● **INSTRUCTIONS FOR THE TASK**:
Using the records below, output the stretch that opens with the line containing "Pulsera Ancha Bronce | Accesorio Elegante" and closes with the line containing "Prueba de prensa", exactly and including both lines, with nothing more.

● **INFORMATION GIVEN**:
☆ ☆ ☆ ☆

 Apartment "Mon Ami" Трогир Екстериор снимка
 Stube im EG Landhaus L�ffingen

☆ ☆ ☆ ☆

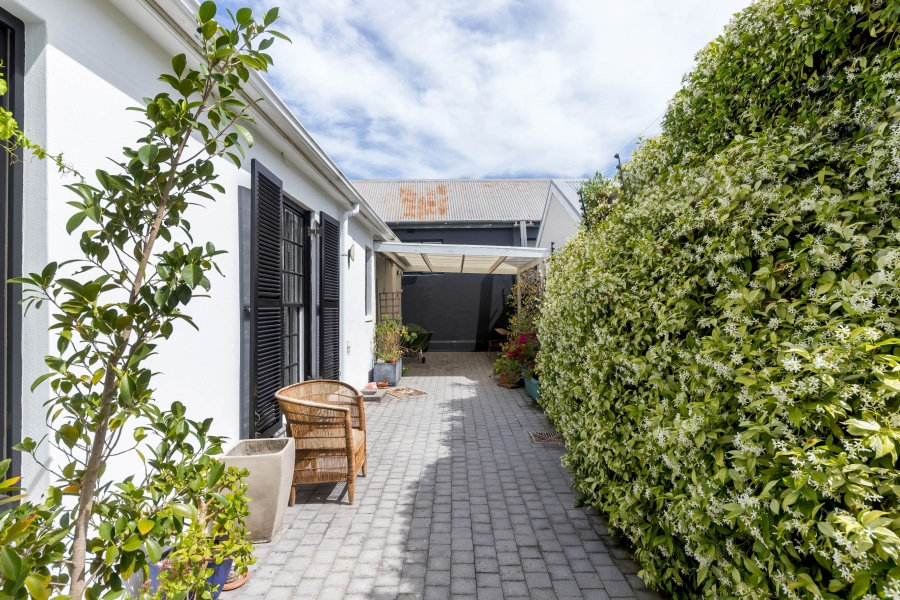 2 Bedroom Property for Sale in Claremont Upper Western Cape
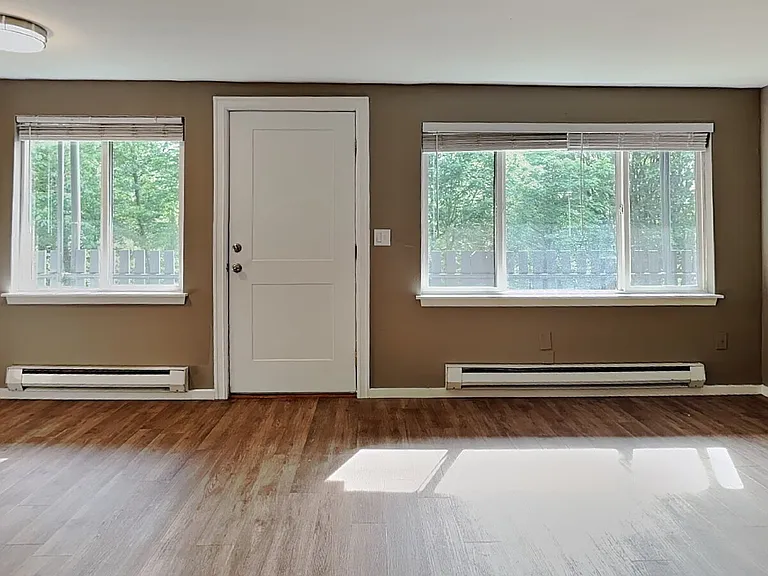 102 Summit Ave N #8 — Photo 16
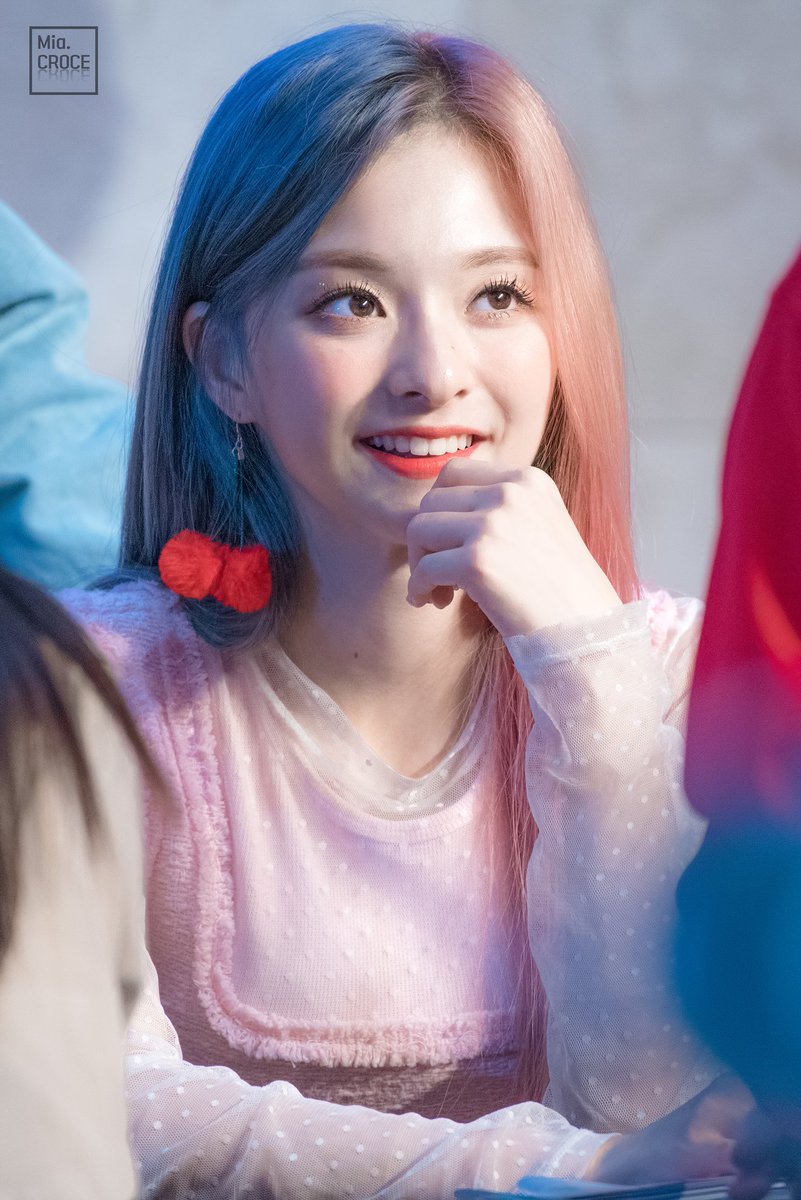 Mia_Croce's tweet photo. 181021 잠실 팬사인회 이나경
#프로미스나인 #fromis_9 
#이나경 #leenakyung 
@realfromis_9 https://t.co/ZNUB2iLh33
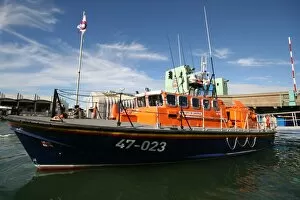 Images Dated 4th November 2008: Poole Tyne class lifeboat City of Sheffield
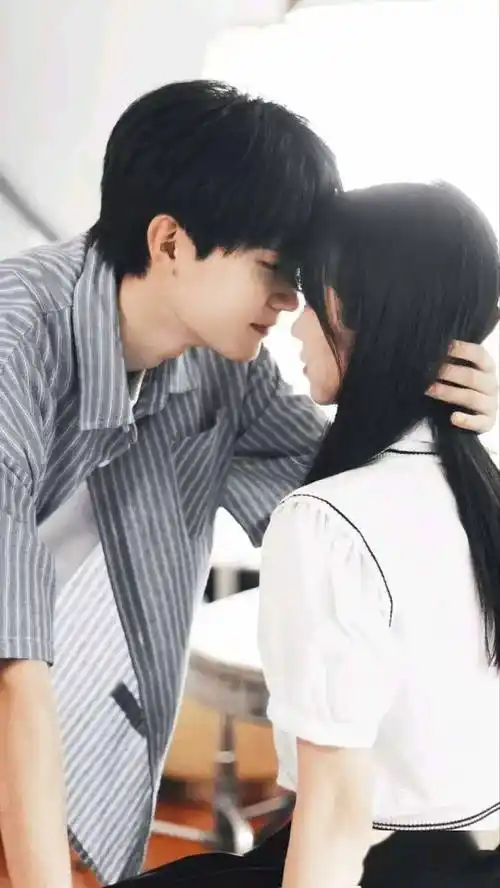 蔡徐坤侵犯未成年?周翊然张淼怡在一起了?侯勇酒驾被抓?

☆ ☆ ☆ ☆

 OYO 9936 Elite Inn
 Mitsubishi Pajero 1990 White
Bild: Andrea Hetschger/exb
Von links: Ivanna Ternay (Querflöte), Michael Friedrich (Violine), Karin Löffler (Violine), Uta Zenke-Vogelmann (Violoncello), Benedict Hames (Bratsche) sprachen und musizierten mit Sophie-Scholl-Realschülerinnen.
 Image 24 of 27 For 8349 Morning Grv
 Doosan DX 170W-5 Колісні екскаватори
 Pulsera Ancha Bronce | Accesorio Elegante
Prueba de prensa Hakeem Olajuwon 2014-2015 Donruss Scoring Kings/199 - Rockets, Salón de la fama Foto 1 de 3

☆ ☆ ☆ ☆

● **TASK SOLUTION**:
 Pulsera Ancha Bronce | Accesorio Elegante
Prueba de prensa Hakeem Olajuwon 2014-2015 Donruss Scoring Kings/199 - Rockets, Salón de la fama Foto 1 de 3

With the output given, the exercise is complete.